Thursday 4 April 2013

When everyday gets in the way...


What a week! As you all know, our baby - our very first issue of Isaac Weddings - has now been sent out to the masses with a great deal of excitement, delirious panic and exhilaration! It was a challenge, to say the least, the day it was released. One team member (the very lucky Kassi) was still winging her way home from an amazing trip to Cambodia, Adrian was delivering magazines as fast as was humanly possible (and still not quick enough for some of our likers!) and I was working a full day at my “other” job and trying to man the many emails, private messages, magazine requests and comments on our Facebook page during my lunch break!

Let's just say, I did bang my head on the desk at one stage during the day!

Planning a wedding, especially these days, can feel just as overwhelming. In amongst all the excitement, there is a sense of being pulled in every direction, so many people to please, decisions to make, team members/bridal parties to co-ordinate with, appointments to keep. And on top of all that, possibly a full time job and maybe a family as well.

I have to say, I really believe it was much easier to get married in our grandparents day. I think there were less choices available to them and family dynamics were different. These days there are blended families, and couples who choose to have children before they are married, couples who are both working full time and maintaining a family routine at the same time.

So, how do you plan a wedding and juggle your everyday commitments at the same time?

To be honest, I really don't know if I have ALL the answers, but I have a few!

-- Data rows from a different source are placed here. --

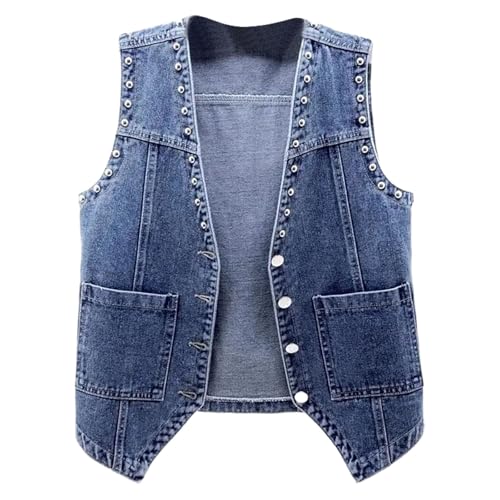 Generisch 2025 Chaleco vaquero para mujer, corto, todo ajustado, versión coreana, chaleco, chaqueta de invierno, azul, S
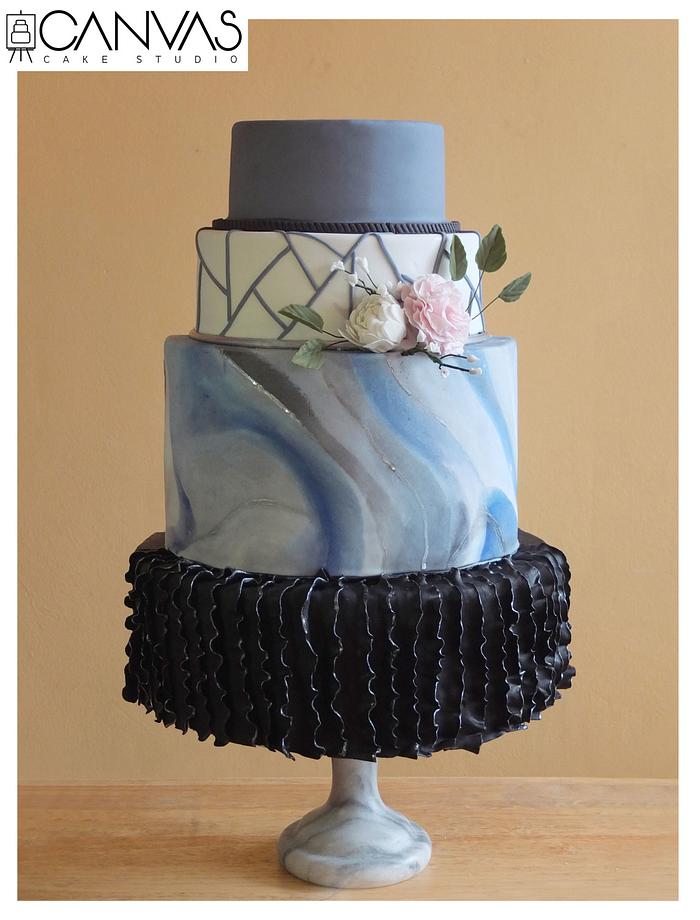 Shades of Blue and Jet Black Wedding Cake 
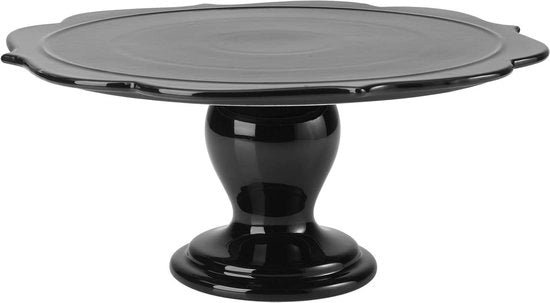 Piatto per torte in ceramica avanzata - nero lucido - Ø 34 cm - altezza 15,5 cm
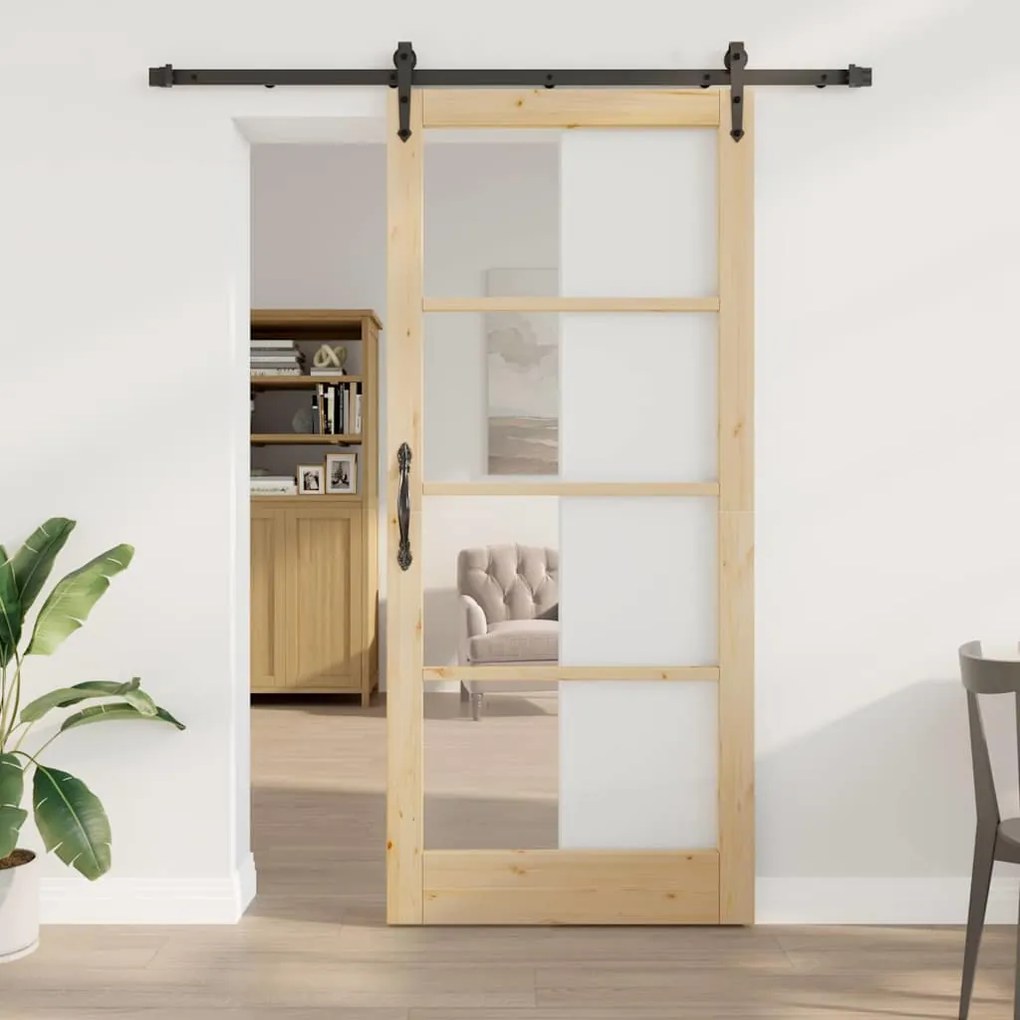 vidaXL Porta Deslizante Manual Castanho 93 x 211 cm Madeira e metal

                                  1.  Choose your maids and men carefully. Seriously, I think this is so
                                       very important. Yes, they are your nearest and dearest, that's why you
                                       choose them, but I have heard many a horror story of bridal party
                                       members not helping out in any way, being demanding and generally
                                       creating more stress in the planning process. So choose wisely, you
                                       need to have at least one friend who you can completely rely upon
                                       to help you through the overwhelming, busy times.
      1. Make a list. Of course you are going to make lists, you'll make hundreds of them in the months preceding your wedding. But this one is your master list; your absolute must haves, your biggest wants or desires for your day. It may be your photographer, your venue, your dress or your cars; everyone has different elements of the day that are important to them. Once that list is compiled, set to work to make those dreams a reality first.
      1. Make another list. I know, you think I'm crazy, but just stick with me. This list is the list of things that don't really matter. They are not going to make or break your day. You want them, but really you could do without them if time or money was tight. It's the “keep it simple stupid” and “don't sweat the small stuff” rationale. You are still going to get married even if the candles on the tables are cream rather than white, right?
                 If you break your list into two, it all seems a little less overwhelming and
                 you can focus on the elements of your day that REALLY matter.
      1. Call in favours and accept all offers. If someone offers to help, don't be too proud to say yes. I know that can be hard, especially if you are somewhat of a control freak (Time for another confession from me, total control freak here!) and want everything done exactly the right way. But these offers of help should be gratefully accepted, even if only for the second list. (See, it's all making sense now right?!) And believe me, you could be pleasantly surprised. My church flowers ( on my second list) were created without me even seeing them until after I was married, and they were spectacular to say the least.   
      1. Rely on the internet. It's running 24/7, after work hours and after the kids have gone to bed. It's the best tool available to us for planning a wedding. There are so many fabulous sites, services and businesses all dedicated to planning your wedding and the beauty of them is you can email them any time you like, at 1am in the morning, when you've had a nightmare about your dress splitting open as you walk up the aisle and you're sitting there consuming the kid's leftover easter eggs to calm yourself. That's the time you email your dressmaker and ask whether it's possible to convert the zip in your gown to lace up! Don't expect a response until the following day though!